I've been at Amazon for 5 years now, and have never experienced whatever the
post said. I have, however, been in the uncomfortable situation where a
colleague has tried to talk to me in the urinal about things outside of work.

Funny read though :)

------
callingspade
I work for AWS since 2014 and I am in a building that arguably has highest
density compared to other Amazon buildings. I have not seen a single instance
of what the author describes, on tens of floors except that during peak times
one may have to go to the next floor to find an empty stall. Specifically --
1\. I have not seen anyone take laptops to the stalls 2\. No conversations in
the bathroom, at most a Hi when washing your hands or a 'excuse me' at the
door. Definitely no cross-talk across stalls. 3\. No one is using bathrooms as
a meeting place or a place for long conversations.
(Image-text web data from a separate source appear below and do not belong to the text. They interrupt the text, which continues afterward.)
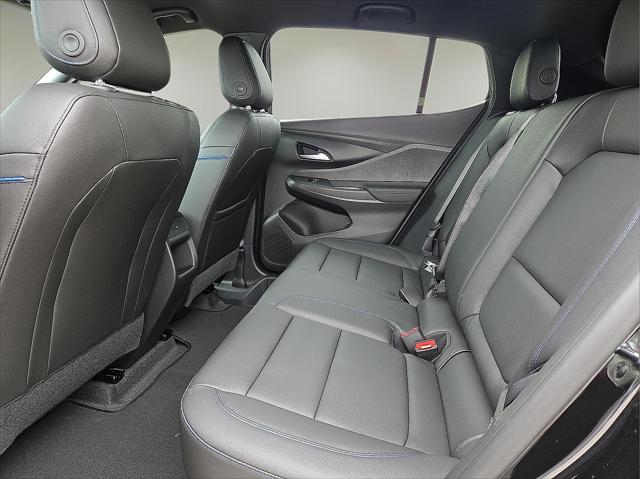 new 2025 Buick Envista car, priced at $27,833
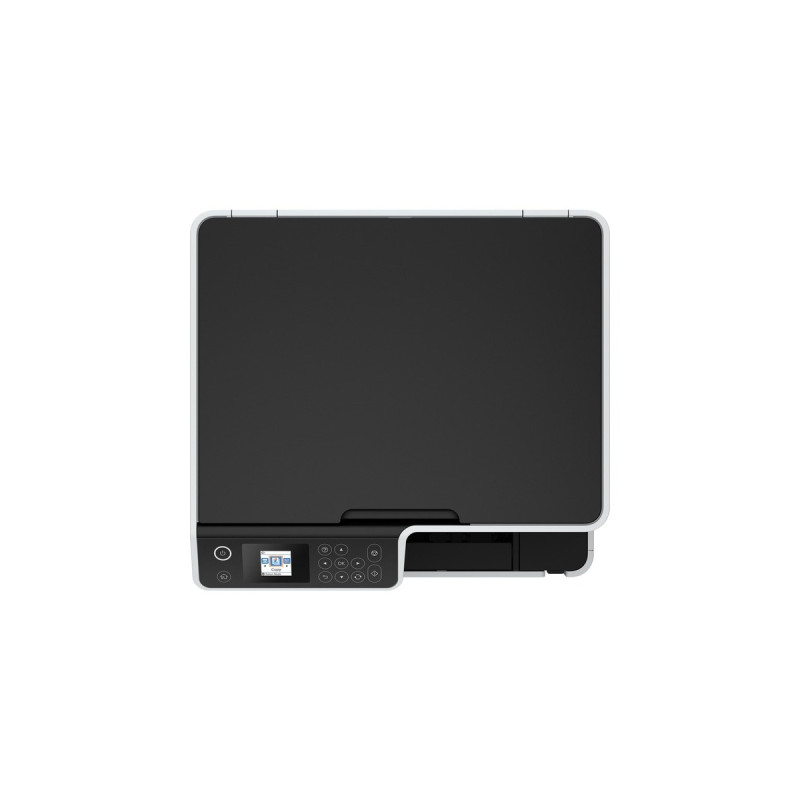 Epson EcoTank ET-M2170, Multifunktionsdrucker(grau/anthrazit, Scan, Kopie, USB, LAN, WLAN)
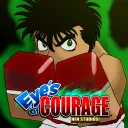 EOC | Eyes Of Courage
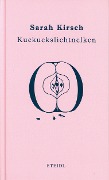 Cover-Bild zum Titel 'Kuckuckslichtnelken' von 'Sarah Kirsch'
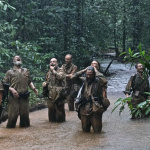 Les Derniers Hommes de David Oelhoffen : un tourbillon historique et émotionnel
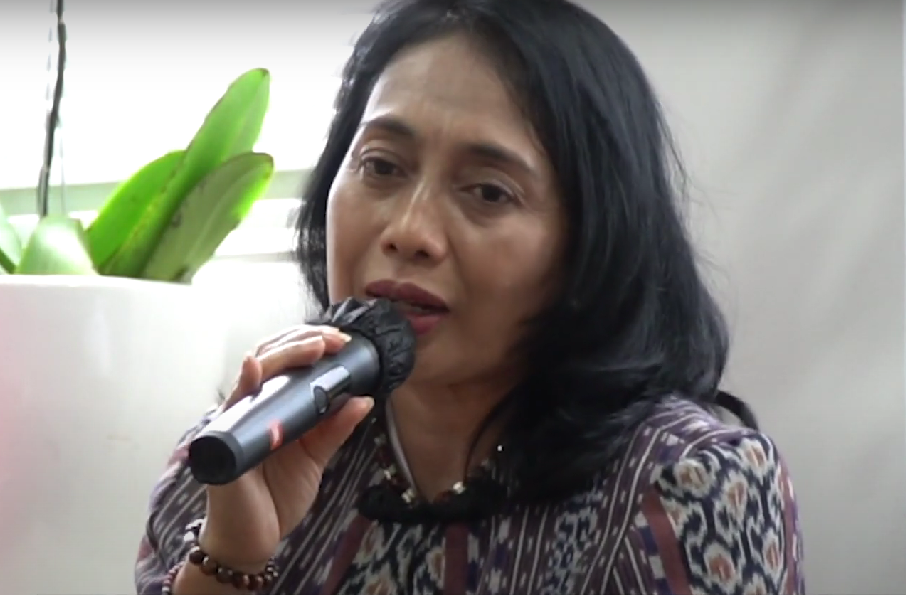 Menteri PPPA Aktifkan SAPA 129 Terintegrasi untuk Lindungi Perempuan dan Anak (Foto: Dok KemenPPPA)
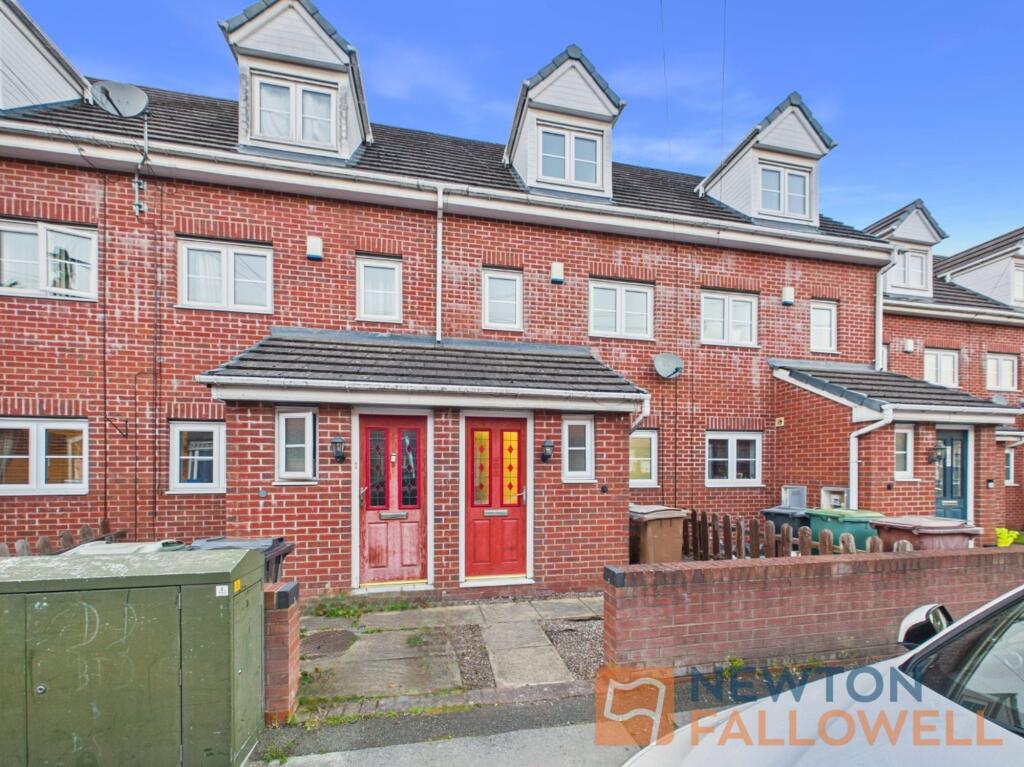 Main image of property: Victoria Street, Willenhall, WV13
Since last year, there are also unisex bathrooms on each floor. While I am
here, might as well dispel some other myths. Occasional WFH is the norm, not
an exception. I haven't seen people work long hours as a norm. Most people
come in between 9-10:30 and leave between 5-6:30pm. Some come in earlier and
some later. Almost everyone I know is driven by their own passion for their
work, customer obsession, immense learning opportunity, do things that have
never been done before, increasing stock value and increase in their own
market value, to name a few.